Certes, il y a eu des acquis, mais ils demeurent insuffisants et qui ne sont pas irréversibles. Si le rapport de force tombe, tous ces acquis disparaîtraient. Rappelez-vous la promesse que Bouteflika avait faite lors de sa campagne électorale en 2007 concernant le conseil supérieur de l’amazighité à l’académie berbère. N’empêche que dès que le rapport de force a baissé six ans après, rien n’a vu le jour, alors que le dossier était prêt à être signé. Il a même été rendu public ! Pour dire que la parole d’un chef d’Etat ne pèse pas aussi lourd que nous le pensons.

La langue amazighe a tout de même obtenu le statut de langue nationale…

Oui, effectivement, il y a eu cette maigre consolation. Mais ça reste un statut symbolique. Seul le statut de langue officielle peut faire avancer les choses. Car l’enseignement de notre langue n’est pas obligatoire et nous n’avons toujours pas le droit de travailler en langue amazighe. Il faut que cette langue soit l’égale de la langue arabe. Encore une fois, même si nous arrivons à acquérir le statut de langue officielle, il faut conquérir les mêmes secteurs d’utilisation que la langue arabe. Parce que nous pouvons jouer aussi au niveau du texte d’application. Et puis pour que cette langue soit fonctionnelle, il faut mettre des bouchées doubles, et tout cela a besoin, comme vous le savez, de beaucoup d’argent et d’équipements. C’est pour ça que je dis souvent qu’il faut appliquer un coefficient de réparation historique. Quand on donne un sou à la langue arabe, il faut en donner deux à la langue amazighe, pour que cette dernière rattrape le temps perdu. Tout cela bien sûr ne peut se concrétiser que s’il y a un rapport de force. Autrement dit, si la jeunesse reprend le flambeau.

Croyez-vous que la lutte a perdu sa valeur ?

Cette question revient souvent. Je tiens à dire que la lutte n’a pas du tout perdu sa valeur.

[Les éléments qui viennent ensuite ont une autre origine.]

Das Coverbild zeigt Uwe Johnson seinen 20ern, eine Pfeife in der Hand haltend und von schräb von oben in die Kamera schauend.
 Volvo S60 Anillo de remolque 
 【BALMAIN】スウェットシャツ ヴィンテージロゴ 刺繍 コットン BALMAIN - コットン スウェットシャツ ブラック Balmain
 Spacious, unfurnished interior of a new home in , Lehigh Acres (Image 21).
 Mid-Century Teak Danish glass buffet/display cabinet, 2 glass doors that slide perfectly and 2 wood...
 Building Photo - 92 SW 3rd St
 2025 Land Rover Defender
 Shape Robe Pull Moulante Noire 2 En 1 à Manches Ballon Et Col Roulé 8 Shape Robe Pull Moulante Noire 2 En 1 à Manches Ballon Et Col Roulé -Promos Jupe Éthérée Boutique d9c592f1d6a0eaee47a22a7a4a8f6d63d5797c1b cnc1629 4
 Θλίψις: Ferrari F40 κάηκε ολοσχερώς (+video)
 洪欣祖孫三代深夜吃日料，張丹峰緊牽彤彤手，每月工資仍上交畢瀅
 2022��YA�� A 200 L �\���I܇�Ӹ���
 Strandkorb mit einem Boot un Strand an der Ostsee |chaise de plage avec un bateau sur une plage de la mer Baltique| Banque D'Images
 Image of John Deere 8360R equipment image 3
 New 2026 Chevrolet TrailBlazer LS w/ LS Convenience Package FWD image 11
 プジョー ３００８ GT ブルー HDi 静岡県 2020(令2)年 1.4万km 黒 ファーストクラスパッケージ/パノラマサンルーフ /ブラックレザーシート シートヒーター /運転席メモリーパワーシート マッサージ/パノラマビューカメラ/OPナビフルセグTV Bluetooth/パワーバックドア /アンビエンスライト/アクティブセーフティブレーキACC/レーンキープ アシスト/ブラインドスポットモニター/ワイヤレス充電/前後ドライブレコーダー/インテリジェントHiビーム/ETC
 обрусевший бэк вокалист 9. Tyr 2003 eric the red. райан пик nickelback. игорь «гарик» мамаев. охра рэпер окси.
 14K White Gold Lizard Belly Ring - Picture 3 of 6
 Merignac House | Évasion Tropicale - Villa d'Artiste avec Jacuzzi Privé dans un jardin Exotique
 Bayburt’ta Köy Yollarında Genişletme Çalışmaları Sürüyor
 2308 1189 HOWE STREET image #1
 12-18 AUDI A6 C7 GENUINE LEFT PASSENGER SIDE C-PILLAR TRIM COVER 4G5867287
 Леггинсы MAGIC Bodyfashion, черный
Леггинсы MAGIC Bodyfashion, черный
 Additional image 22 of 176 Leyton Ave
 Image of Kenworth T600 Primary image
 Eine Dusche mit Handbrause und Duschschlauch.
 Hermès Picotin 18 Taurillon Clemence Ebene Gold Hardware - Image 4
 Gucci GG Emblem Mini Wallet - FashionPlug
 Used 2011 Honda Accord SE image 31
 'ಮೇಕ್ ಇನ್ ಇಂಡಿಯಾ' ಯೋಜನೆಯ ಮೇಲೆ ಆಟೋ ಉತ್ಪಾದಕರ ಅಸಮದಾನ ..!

Tous les mouvements populaires ont ce que nous appelons, des flux et des reflux. Même si les grands mouvements de foules que nous arrivions à mobiliser durant ces années-là n’ont plus lieu aujourd’hui. D’abord, il faut savoir que les grands mouvements citoyens ont lieu tous les trente ans. Ce n’est pas tous les jours que nous pouvons mobiliser les foules. Donc ce recul observé dans la lutte est tout à fait normal. De plus, même le combat change dans sa méthode. Nous étions dans la contestation pure et dure car nous n’avions rien. Il fallait en premier lieu ouvrir le champ politique. A l’époque nous n’aurions jamais pu organiser la table ronde que nous avons animée aujourd’hui à la maison de la culture Mouloud Mammeri. Donc, il fallait passer par la rue. Aujourd’hui, nous ne sommes plus obligés de passer par la rue pour revendiquer et contester. Même si les risques demeurent. Mais ce n’est plus comme avant, qu’on le veuille ou pas. La Kabylie a ouvert les yeux au peuple algérien. Il y a eu les événements de 1988, résultat indirect du mouvement de 1980. Puis il y eut la création de nombreux organes, notamment l’ADDH et l’association des enfants de chahid. Tous ces éléments ont fait que beaucoup d’acquis, malgré leur insuffisance, ont vu le jour. Effectivement aujourd’hui nous avons l’impression que les gens ont un peu baissé les bras, car ils ne sont plus dans le spectacle. Maintenant, le travail se fait plus en douceur, c’est un travail de production non de contestation.

Comme à chaque 20 avril, on vous voit marcher, mais nous voudrions savoir dans quel camp vous vous situez aujourd’hui ?

Ah non ! Je ne me situe dans aucun camp. Quand je marche je le fais dans le cadre du mouvement culturel berbère même s’il n’y a pas de banderole qui porte ces initiales. Comme chaque 20 avril, je marche pour la cause berbère. Je me mets parmi les marcheurs et franchement je suis au dessus des partis politiques. Si demain un quelconque parti politique m’invitait pour donner une conférence dans l’un de ses colloques, j’irais. Autrement dit, toutes les tribunes qui me sont offertes pour contribuer à porter le discours amazigh sont les bienvenues, et j’en profiterai sans état d’âme. Si l’on dit que les partis politiques me manipulent, je dirai tout simplement que je mets cette manipulation au service de la cause.